(Dataset excerpts)
┄┄┄┄┄┄┄┄┄┄┄┄┄┄┄┄┄┄┄┄
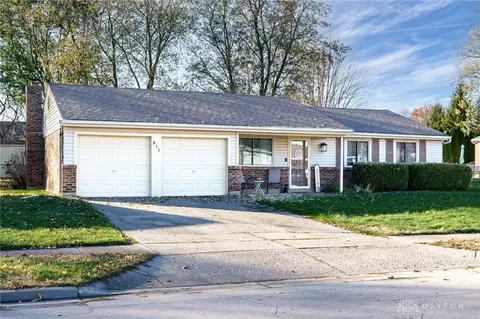 817 Southview Dr, Englewood, OH 45322
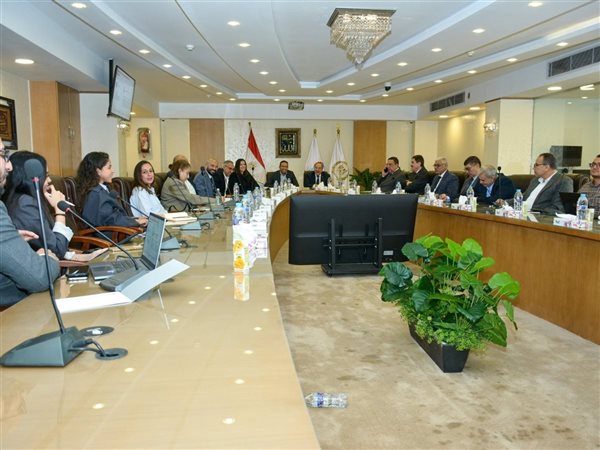 الرئيس التنفيذي للصناعات الغذائية يجتمع مع اتصالات مصر لتطوير مشروع كاري أون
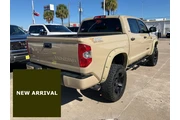 $35991 : Toyota Tundra 2017 4x4 SR5 4 thumbnail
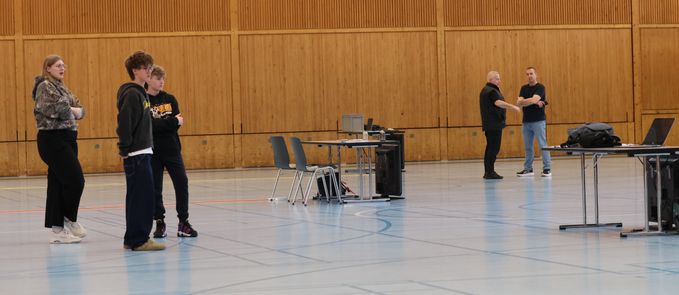 Warten auf den Startschuss um 17:00 uhr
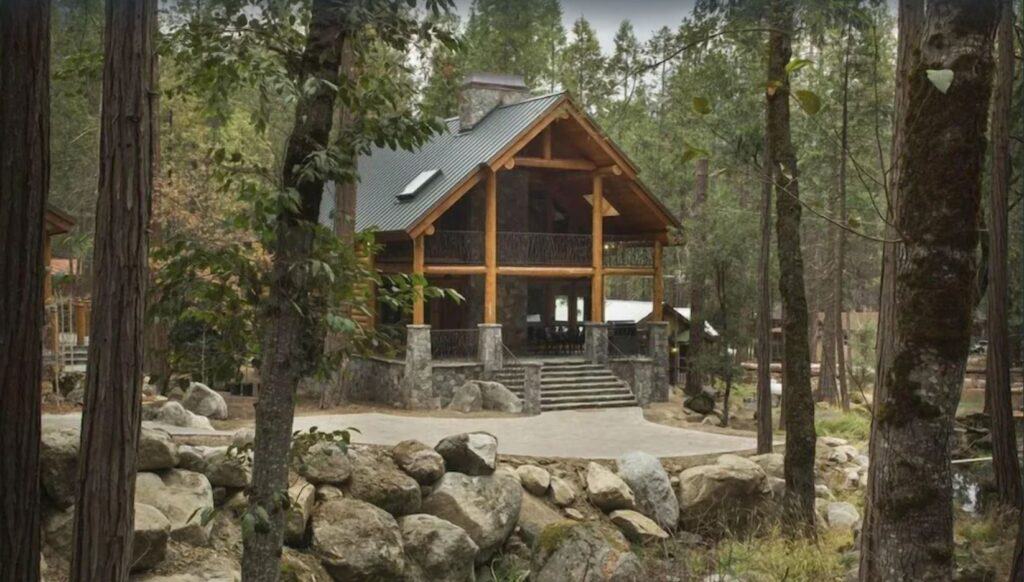 best place to stay near yosemite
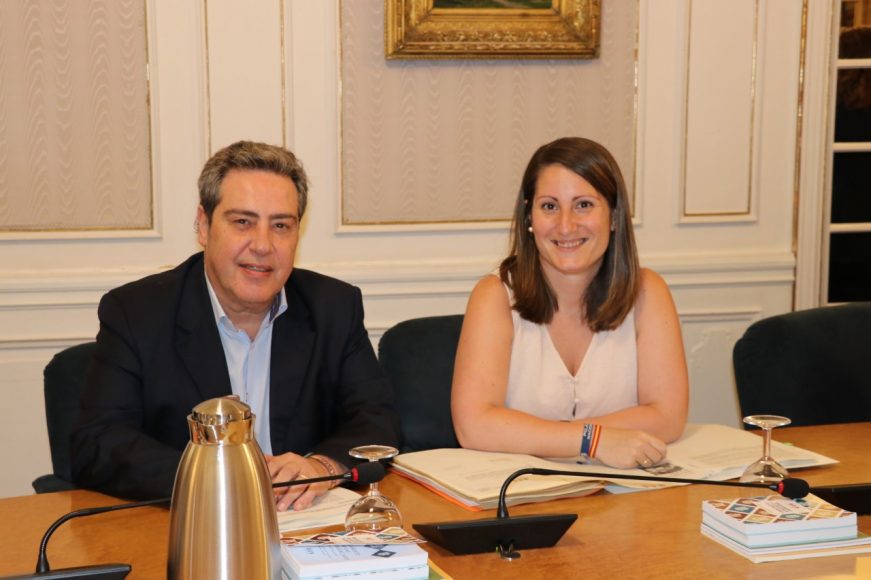 FOTOGRAFÍA. VALENCIA (ESPAÑA), 28.06.2022. José María Llanos Pitarch (i) junto a Ana Vega Campos (d). Ñ Pueblo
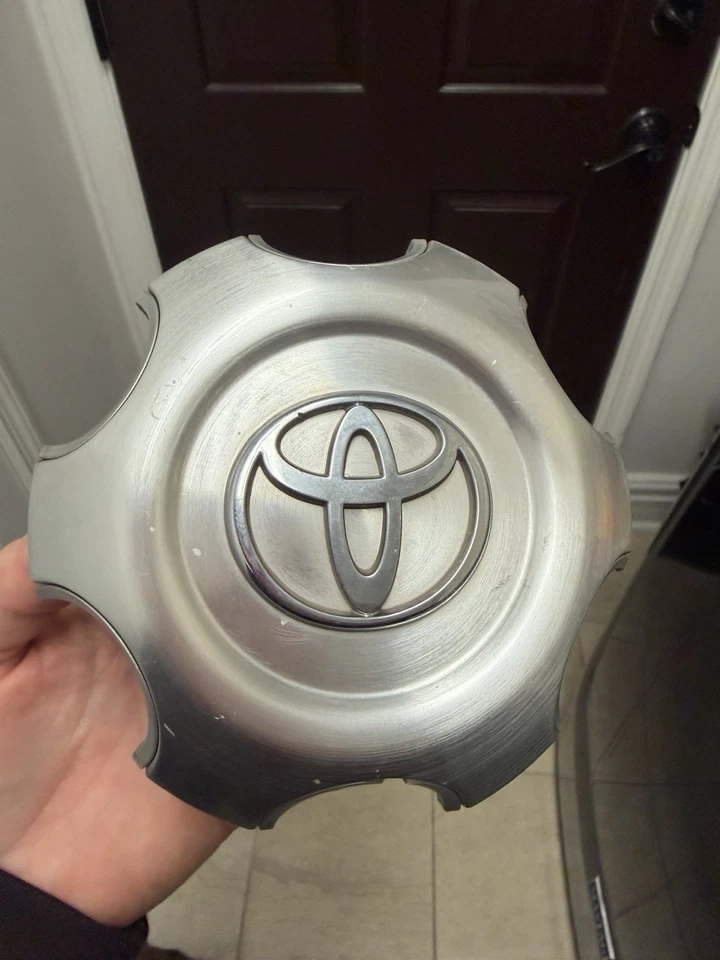 Toyota FJ Cruiser 2014-2024 Toyota 4Runner tapacubos tapa central 4260B-35080 Foto 1 de 4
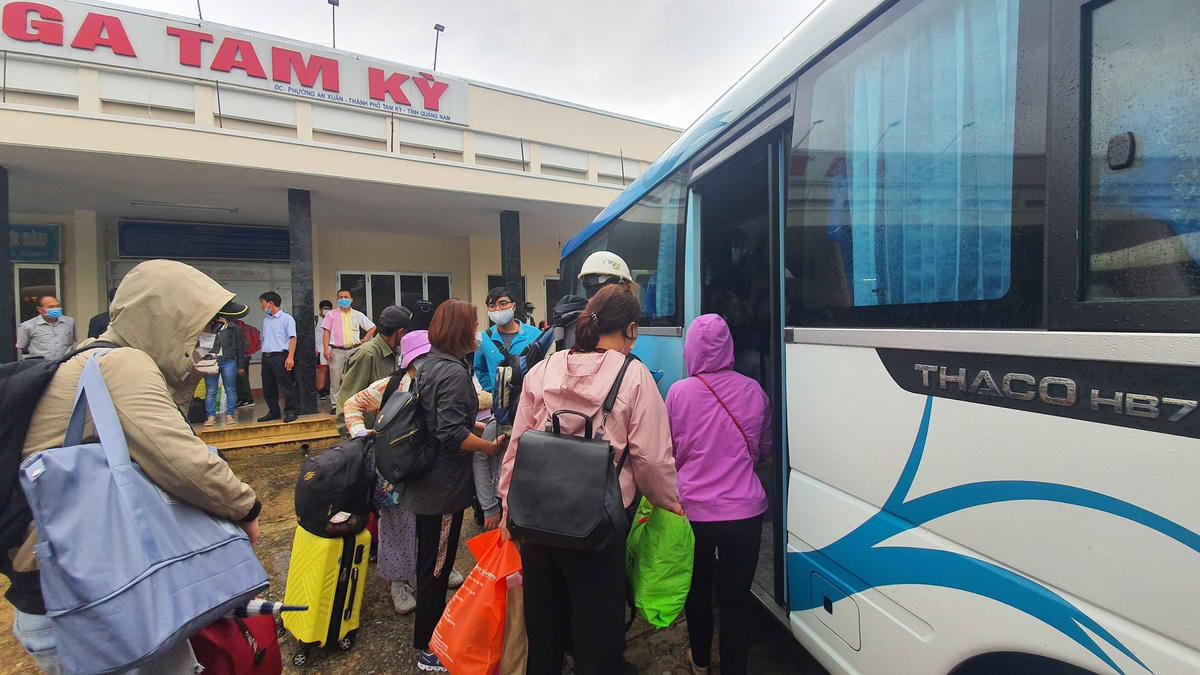 Hành khách mắc kẹt tại ga Tam Kỳ được vận chuyển vào Quảng Ngãi.
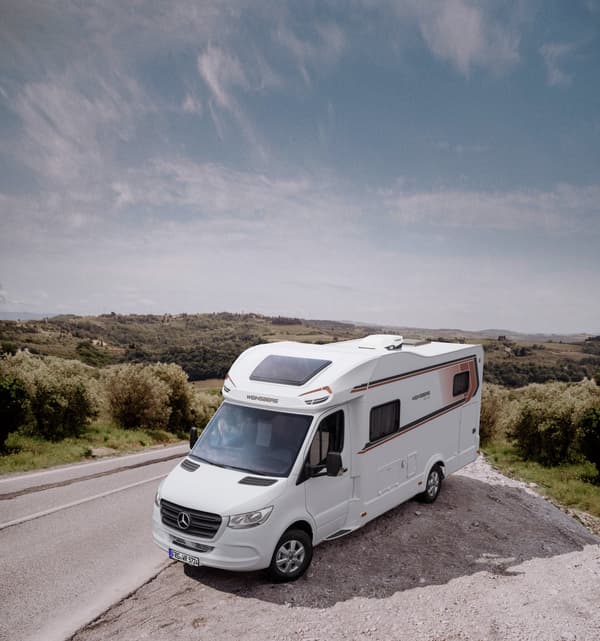 WEINSBERG CaraCompact Suite — A.I.M authorized import motorhome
┄┄┄┄┄┄┄┄┄┄┄┄┄┄┄┄┄┄┄┄
● YOUR GOAL: Produce the lines from the first line of the entries through the line that contains "FOTOGRAFÍA. VALENCIA (ESPAÑA), 28.06.2022.", exactly, leaving the pictures behind.

● ANSWER SPACE:
 817 Southview Dr, Englewood, OH 45322
 الرئيس التنفيذي للصناعات الغذائية يجتمع مع اتصالات مصر لتطوير مشروع كاري أون
 $35991 : Toyota Tundra 2017 4x4 SR5 4 thumbnail
 Warten auf den Startschuss um 17:00 uhr
 best place to stay near yosemite
 FOTOGRAFÍA. VALENCIA (ESPAÑA), 28.06.2022. José María Llanos Pitarch (i) junto a Ana Vega Campos (d). Ñ Pueblo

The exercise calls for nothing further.